Tuesday 21 April 2009

Grief straight from the bucket

An old review, first published in Interzone 212 (Rick McGrath's fuller review is here).

Dominika Oramus, Grave New World: The Decline of the West in the Fiction of J.G. Ballard.

Grave New World presents an ambitious and rich account of Ballard's ouevre, tracing a handful of themes (apocalyptic social implosion, war phantasmagoria, pathological boredom, the Death Drive, the dialectic between mental and physical landscapes) from The Wind from Nowhere, Ballard's 1961, strapped-for-cash brain fart debut, through his early science fiction in its various engagements with New Wave and other avant-garde contexts, his postmodern memoirs, all the way through the recent paranoid fables up to and including Kingdom Come (2006). Not unusually for a book foreshadowed by academic papers, there's a fair amount of repetition, but it's no bad thing -- it means you can generally dip in and pick up the thread fairly quickly.

Oramus has a go at jigsawing her chosen themes into the underlying & unifying core of Ballard's work. I query not whether she succeeds but why she bothers -- whether or not Ballard's work possesses deep invariances, it is certainly superficially various, and any sharp reader will be as interested in the variety as the core. More useful than those monopolising conclusions are the early chapters, which summarise major critical approaches to Ballard's work and supply potted introductions to the theorists who most inform it (Nietzsche, Spengler, Jung, Fukuyama . . . the list goes on!).

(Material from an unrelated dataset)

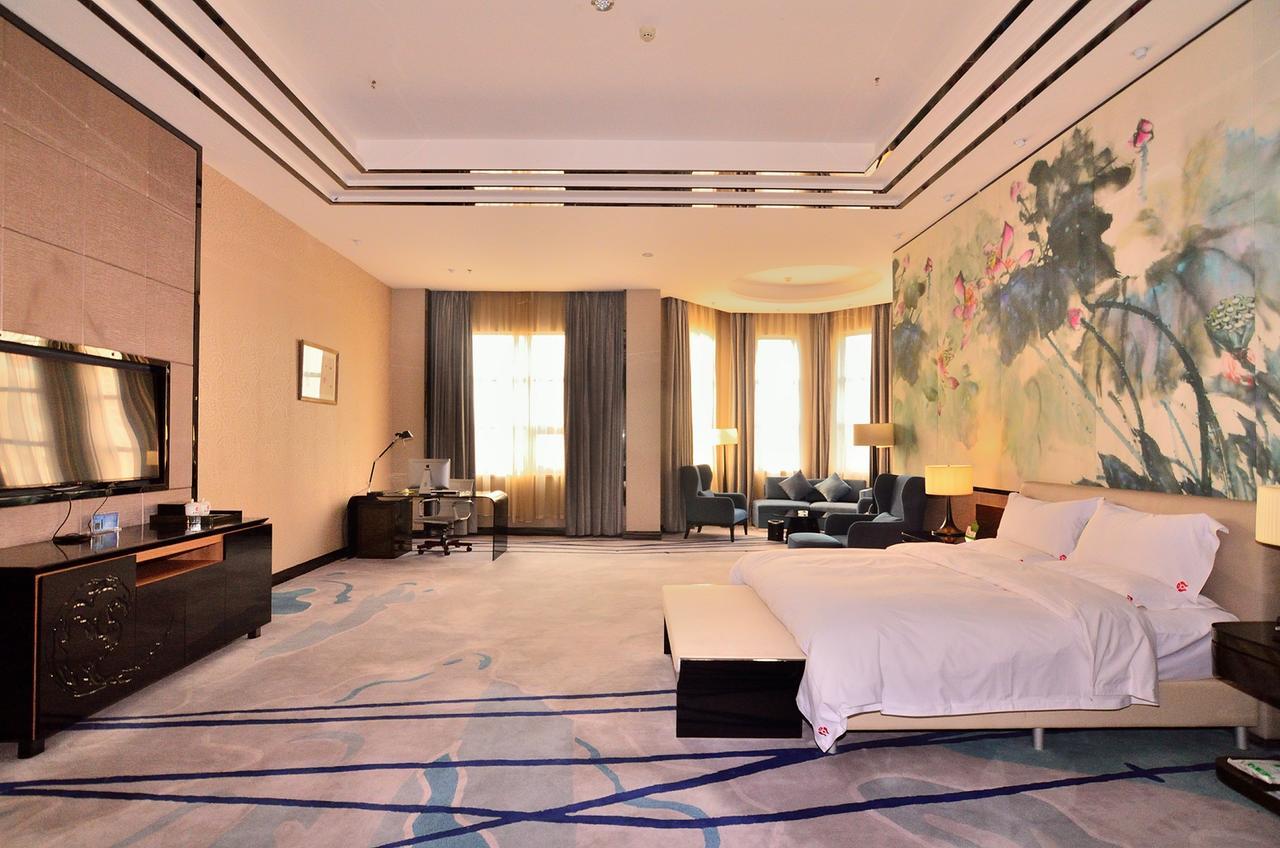 Baotou West Lake Hotel Eksteriør bilde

Grave New World might have paid a little more attention, in this section, to the Marxist heritage of several theorists (Debord in particular comes across as Baudrillard's, sort of, squire), as well as to the ways their ideas have been received and challenged in recent years. "The represented world seems more real than the world outside of pictures" -- this supposed to be, like uh, a newsflash? In justice, Grave New World only wants truck with such theory for what it can illumine in Ballard's work, but here again the book misses a trick. Ballard is an extraordinary storyteller and poet (as soon as any study of him immures sufficient quotation, & Oramus does, that becomes clear). Inasmuch as Ballard's work also performs expositions and criticisms of contemporary Western society, it exists in the tension between, on the one hand, accuracy and lucidity, and on the other, what makes a good story. Taking it seriously should also mean trying to work out how true its ideas are; that means situating them in intellectual traditions in which they are unpopular.